Ever had the feeling that you were important, that if the end of the world was going to happen, you would be involved? Rightly or wrongly, probably in childhood...
But no, seriously, I am important. I will have a role to play in averting the coming apocalypse - and the whole world will be watching.
Look at the evidence:
If I plan carefully to catch a bus, from five minutes before it is due, up to an hour later, all buses fail to arrive. But, if I run out to catch a bus without knowing when one is due, cursing myself for my lack of preparation and predicting that I will be waiting for ages, one will arrive.
I wrote a blog entry about how much I love travelling by train, even if the trains stop for no reason in the middle of nowhere. On the way back from Southampton to London, the train was replaced by a bus for most of the route.
But, when I arrived to make my connection in Kings Cross Station to find the timetable boards blank and off, I turned to a sighing stranger and said, with a wry grin, “I expect I’ll be waiting for an hour anyway.” This was the cue for the boards to return to life, informing me that my train was due to leave in three minutes.
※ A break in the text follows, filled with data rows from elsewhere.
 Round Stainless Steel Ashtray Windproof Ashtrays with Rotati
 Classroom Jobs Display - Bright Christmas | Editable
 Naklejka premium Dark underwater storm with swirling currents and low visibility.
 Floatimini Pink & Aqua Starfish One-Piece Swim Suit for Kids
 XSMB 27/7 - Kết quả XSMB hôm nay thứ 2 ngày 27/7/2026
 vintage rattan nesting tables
Once, on a night out, I walked to the cashpoint machines for a little extra moolah. My bank’s cashpoint machines were out of order, so I walked to the next bank. They were out of order as well. ‘Just my luck for them all to be out of order,’ I think, walking to the last local bank anyway. This machine had a queue. It was working. The person in front of me withdrew the last money in the machine just before I smiled at them and said “Finally!” whilst moving towards the slot, card in hand.
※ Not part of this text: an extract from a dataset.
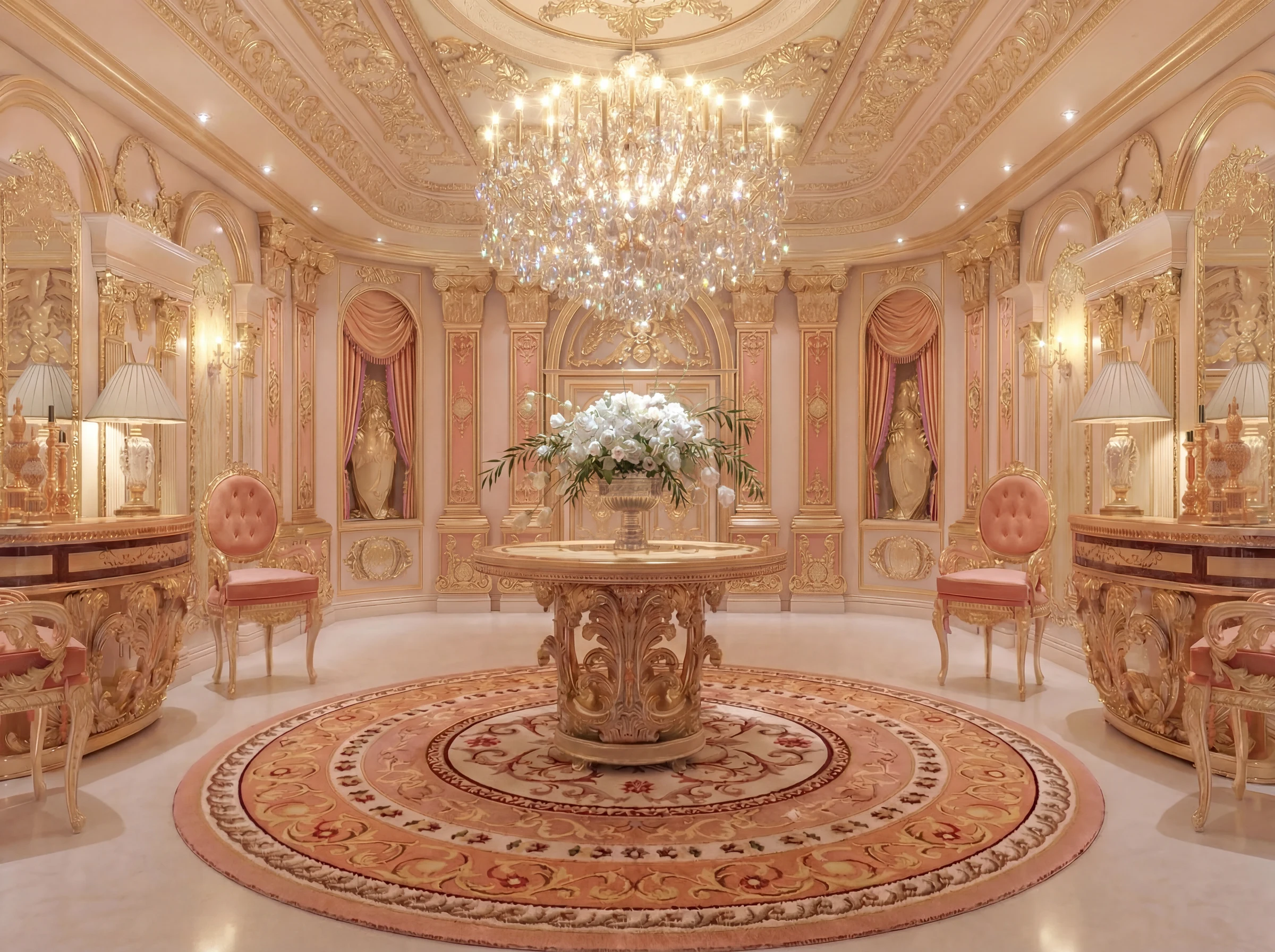 Dubai entry lounge with cream furniture, a central floral arrangement, large arched windows, and a beige rug beneath a grand chandelier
All of this is bundled up inside the natural laws of the universe, the one rule of them all that cannot be expressed through any kind of maths. It is almost worshipped. Believers recite the mantra from day to day, under their breath, out loud, shouting, screaming even, that the irrevocable, nay, inevitable order of the universe is unbeatable.
Sod’s Law.
Yet it would appear that in some circumstances I have power. I can invoke Sod’s Law. When something can go wrong, I can make it go wrong, but only as long as it applies to making it all go wrong for me.
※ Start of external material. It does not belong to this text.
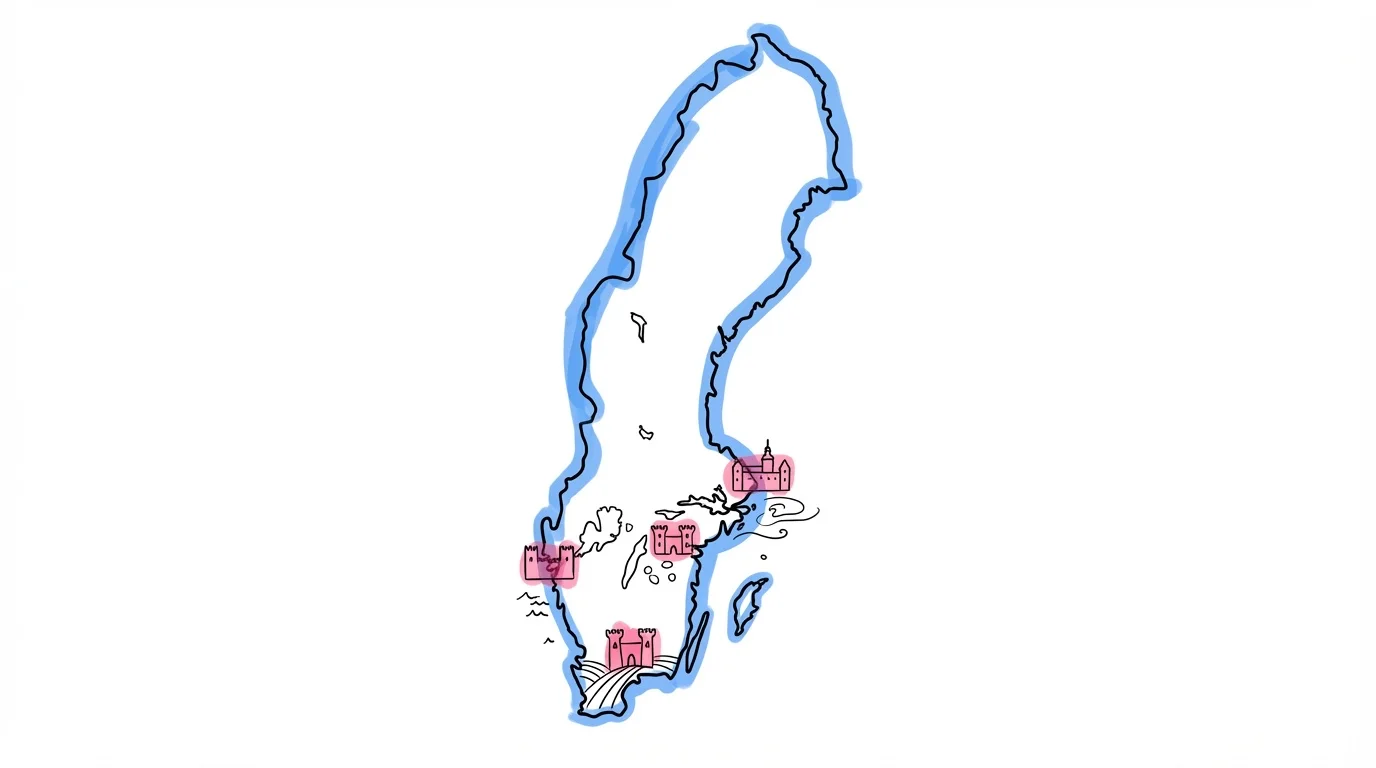 Stiliserad karta över Sverige med slottsikoner placerade i Mälardalen, Skåne, Västkusten och Östergötland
Picture the scene, thirty years from now. As one of the first true global celebrities, my punditry on the impending meteoric impact is the internet and television viewing of choice for every one of the twelve billion inhabitants of this future world.
All contact is lost with the NASA ‘Tractor Beam’ team led by Bruce Willis’ grandson, and the earth waits with bated breath to hear what my last words to the planet will be.
“Well, ladies, gentlemen, boys, girls, Artificial Intelligences and other sentient beings, this would look to be the final moments of our planet. A time for farewells. To those of you who will survive the coming onslaught, we give our heartfelt wishes of luck and goodwill, that you will be able to continue the progeny of the human race beyond this most tragic of days.”
Indian kids in Bollywood cinemas retuned for the event begin to cry, the President of the United States of Europe, as well as the recently deposed President of North America, both give me a thumbs up from behind the camera as they embrace their families in tears. In Paris, a little girl tucks her Barbie into bed, and a lone dog runs through the abandoned streets of London.
The cameras show the surface of the meteor as it hurtles towards Earth.
“Nothing can stop it now,” I say. “It is inevitable. Impossible that anything could stop it. I knew this would happen. It was impossible that that NASA Team led by Bruce Willis’ grandson could stop that meteor. I was right. You were all wrong. Ha.”
<*colossal skidding sound, as if the meteor is braking in a Warner Brothers Cartoon*>
A rising note of derisive laughter will shake the planet as I am proved totally and utterly wrong. I will become a desperate Z-List celebrity, longing for gigs like Celebrity Dog Training School or Lunar Survivor. I will end my days in a small hut, watching the sunset on a migratory sandbank ten miles south-west of the Pacific Island of Tuvalu; alone, forgotten, but knowing that my amazing power to make a complete and utter twat of myself has saved the world.